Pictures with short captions
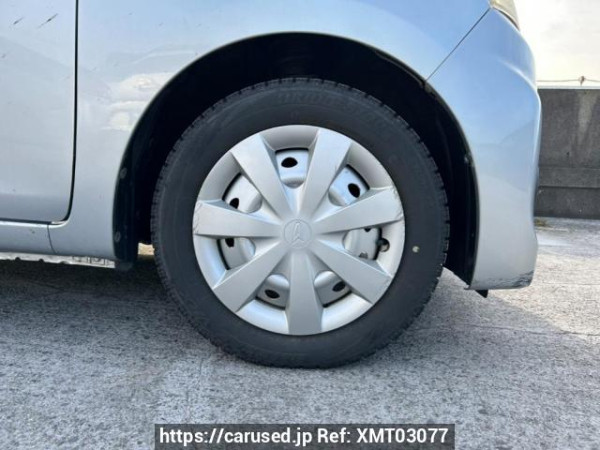 Used 2017 AT daihatsu mira-e-s LA300S Image[31]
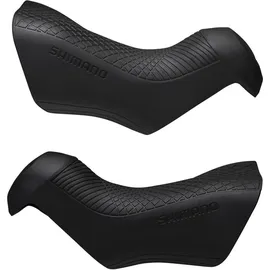 Shimano ST-R8070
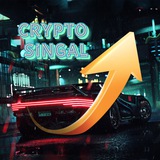 Cypto Linns Analysis Subscription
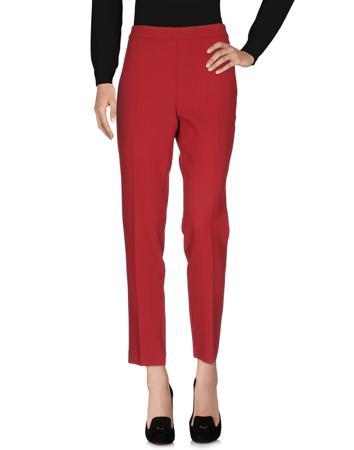 Брюки P.A.R.O.S.H.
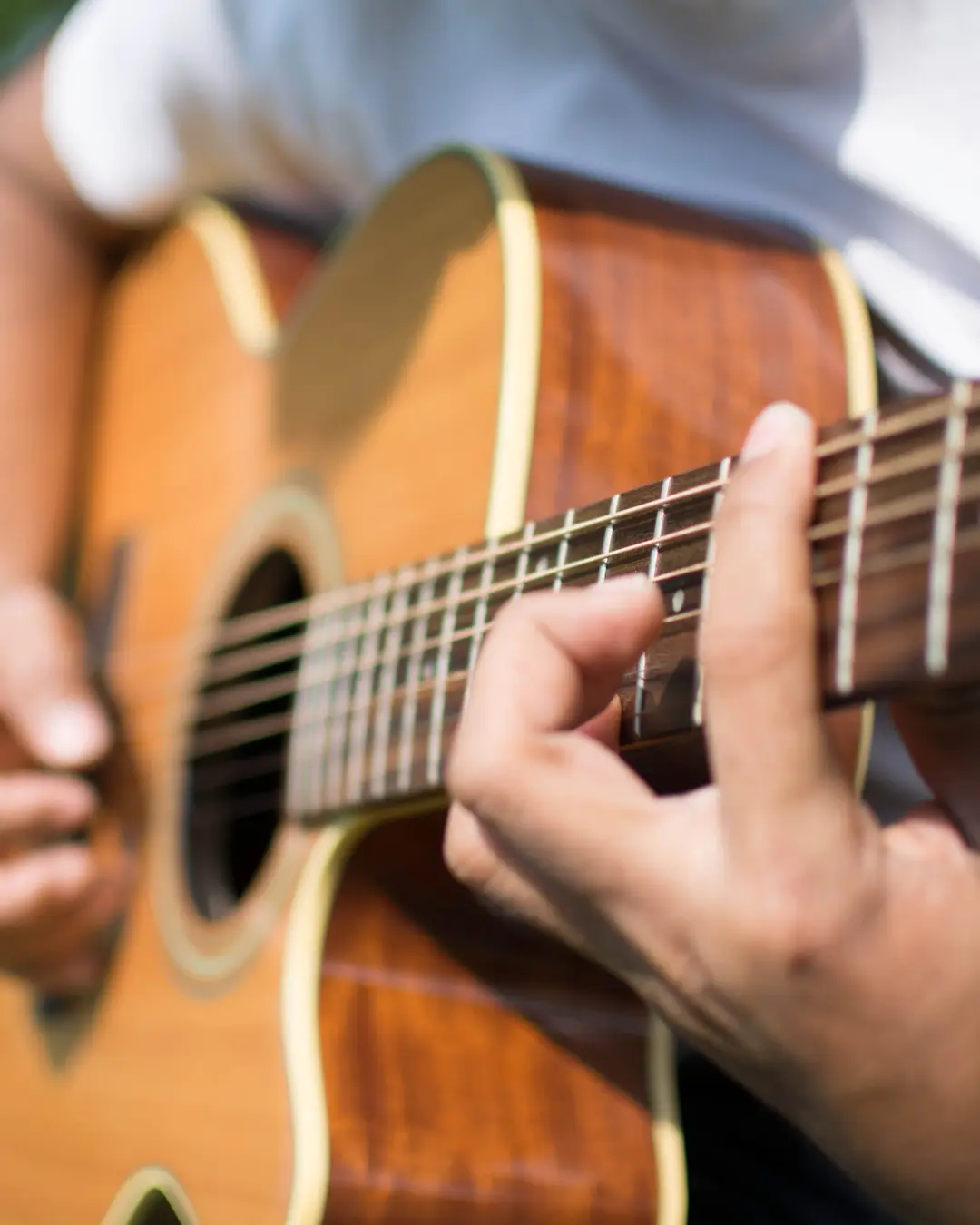 Colombo celebra a diversidade cultural com o 3º FESTART e eventos gratuitos em novembro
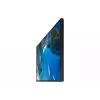 Samsung OM75A skaitmeninis reklaminis ekranas 190.5 cm (75 col.) LCD 4000 cd/m² 4K Ultra HD juodas su Tizen 5.0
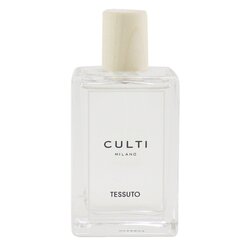 Culti Home Spray - Tessuto 100ml/3.33oz
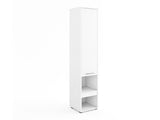 Bookcase 483234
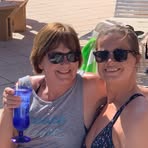 Jan Donaldson - Facebook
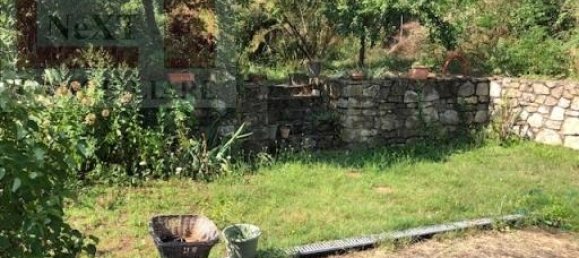 6 rooms House in Rignano sull'Arno, Italy No. 22003 11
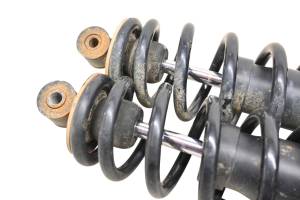 Polaris - 18 Polaris Sportsman 850 4x4 High Lifter Front Shocks - Image 2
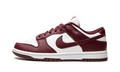 DUNK LO MNS WMNS "Dark Beetroot" DD1503 108
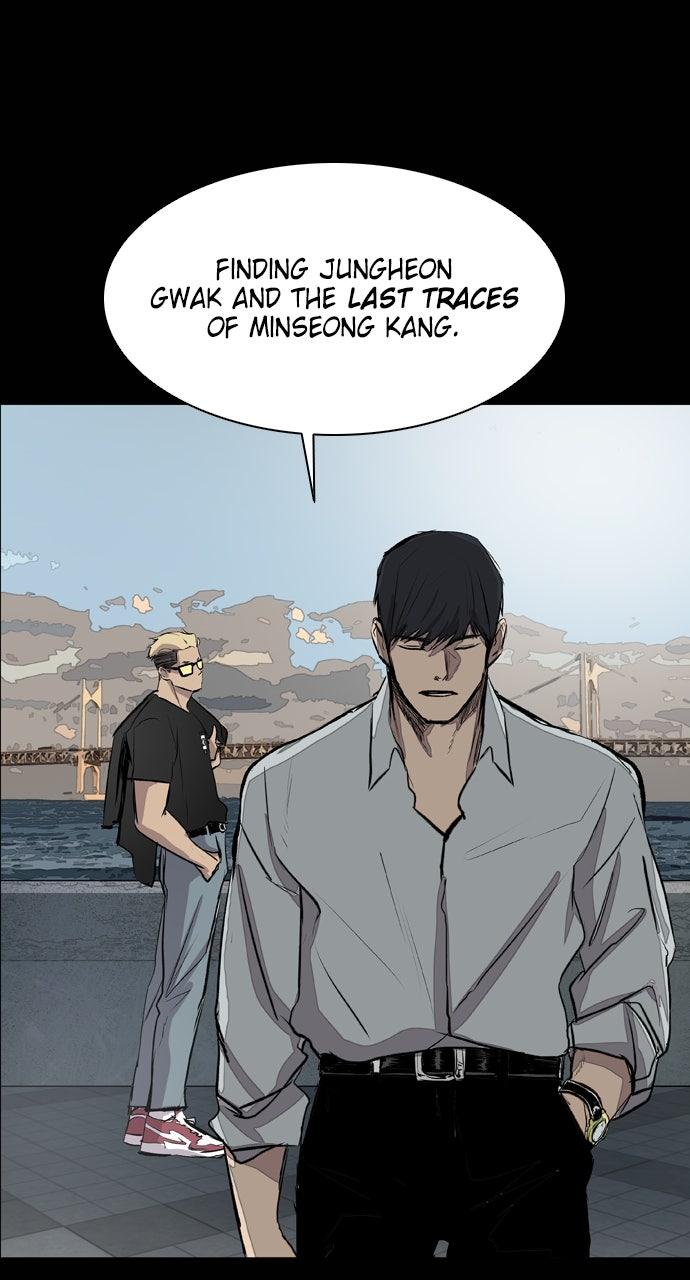 Castle Episode 37 86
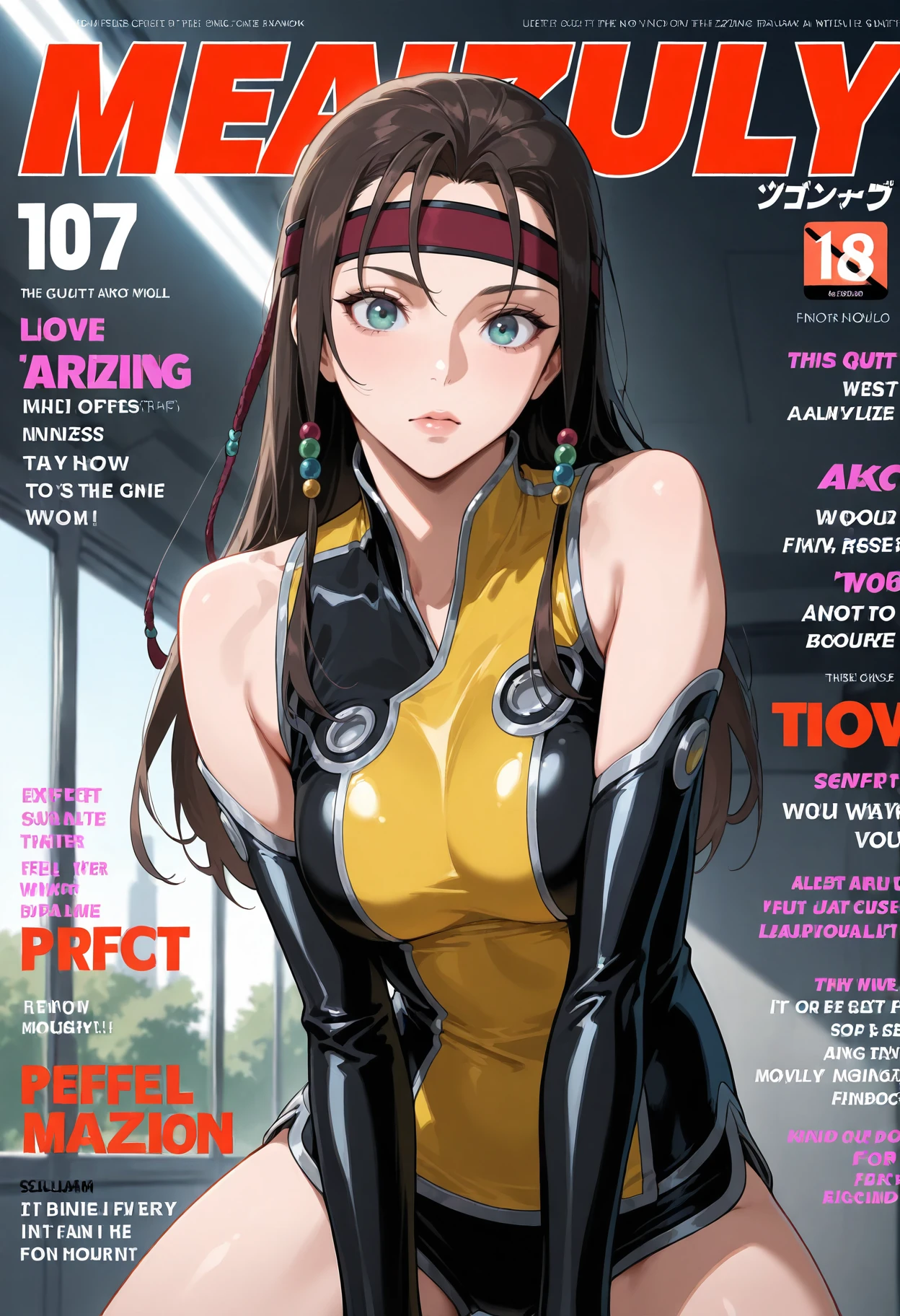 Preview 1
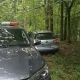 Tczew - Pił w lesie, butelkę rzucił w krzaki. Teraz odpowie przed sądem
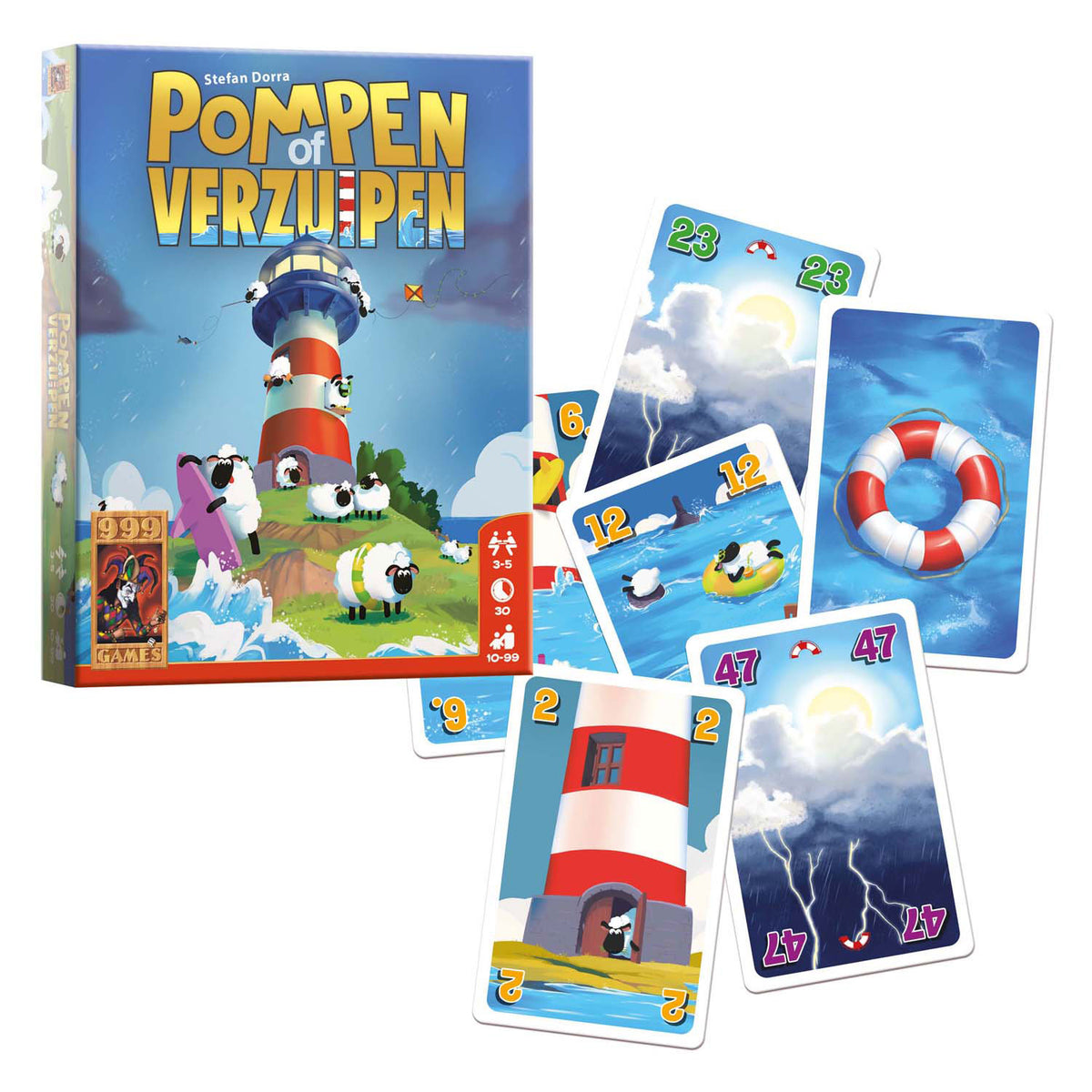 999games 999 juegos juego de cartas bombear o ahogar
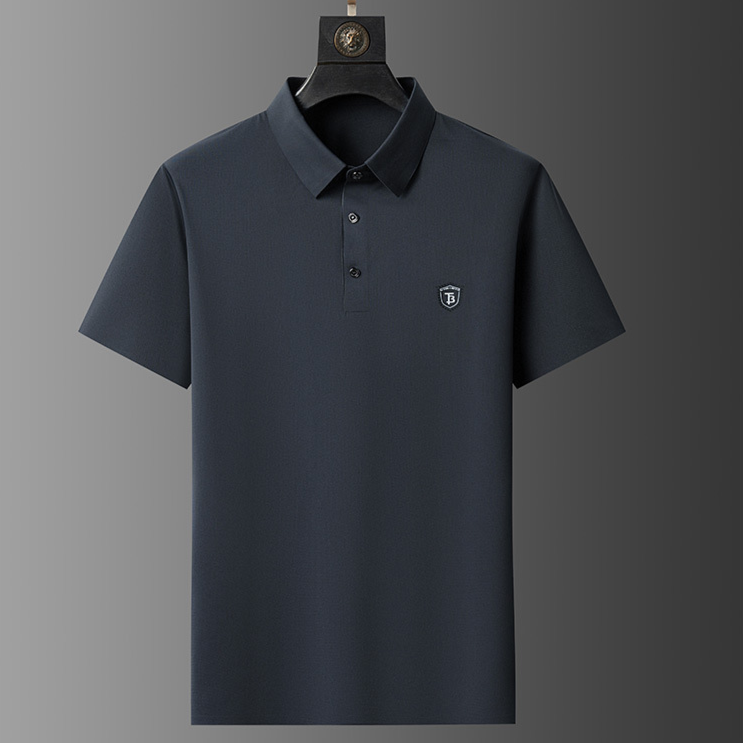 Louie® | Polo Set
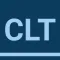 CLT - Leis do Trabalho - SLEX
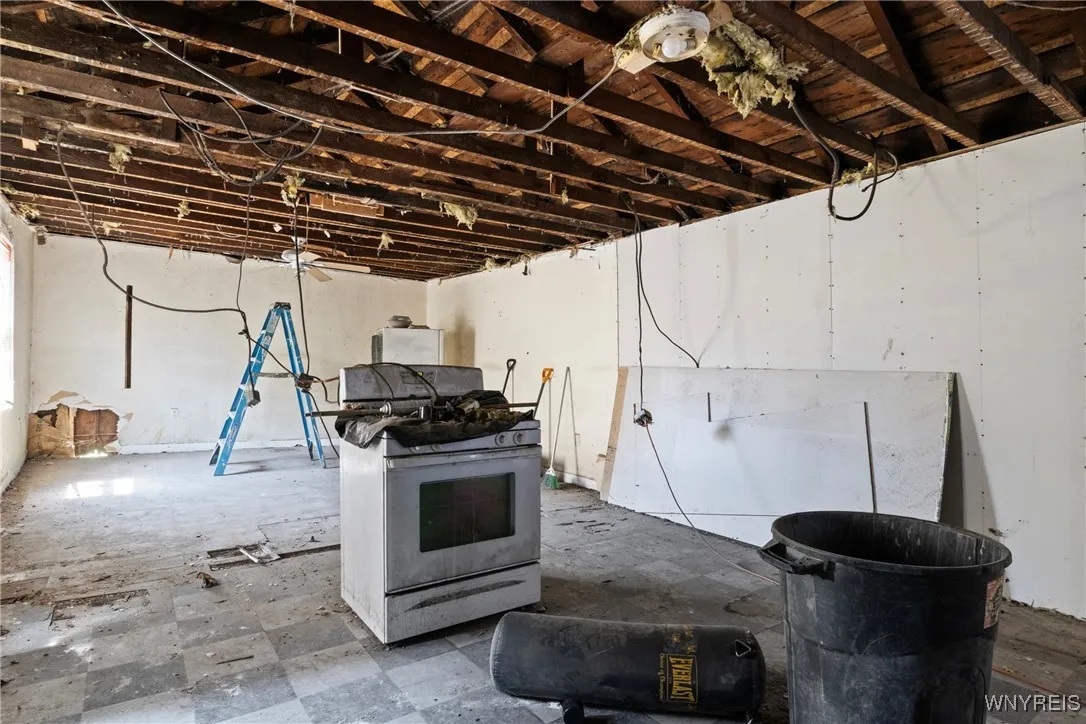 30 South Putnam Street W, Buffalo, New York 14213, Buffalo, New York 14213, 7 Bedrooms Bedrooms, ,3 BathroomsBathrooms,Residential,For Sale,30 South Putnam Street W, Buffalo, New York 14213,B1631921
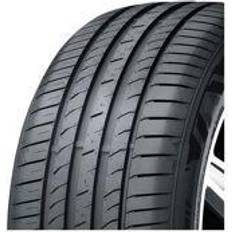 Nexen Dæk Nexen N Fera Primus 215/55 R16 93V 4PR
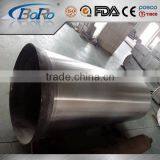 Wholesale Large Diameter 7075 t6 Aluminium Alloy Tube thumbnail-2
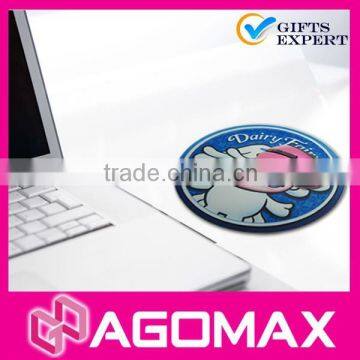 Practical OEM Design Eco-friendly EVA Mouse Pad photo-4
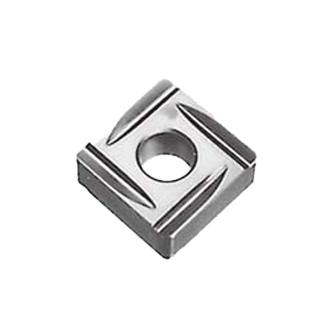 住友電気工業（株） スローアウェイチップ SNMG-UM スローアウェイチップ SNMG120412R-UM T1500A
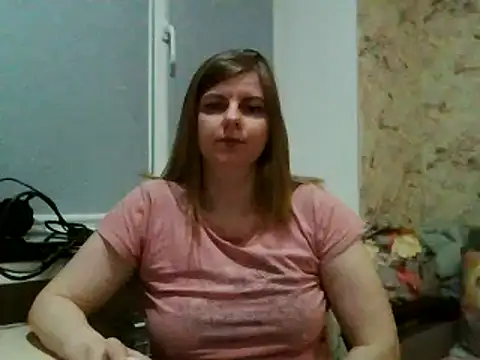 Snapshot of LateKot32 chatting on 02-24-25, 05:31 LateKot32 online show from 02-24-25, 05:31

* [To do] Exclude the pictures and write out exactly the lines from the one holding "Wholesale Large Diameter" through the end of the entries, inclusive, and only those.

* [Answer for the task]
 Wholesale Large Diameter 7075 t6 Aluminium Alloy Tube thumbnail-2
 Practical OEM Design Eco-friendly EVA Mouse Pad photo-4
 住友電気工業（株） スローアウェイチップ SNMG-UM スローアウェイチップ SNMG120412R-UM T1500A
 Snapshot of LateKot32 chatting on 02-24-25, 05:31 LateKot32 online show from 02-24-25, 05:31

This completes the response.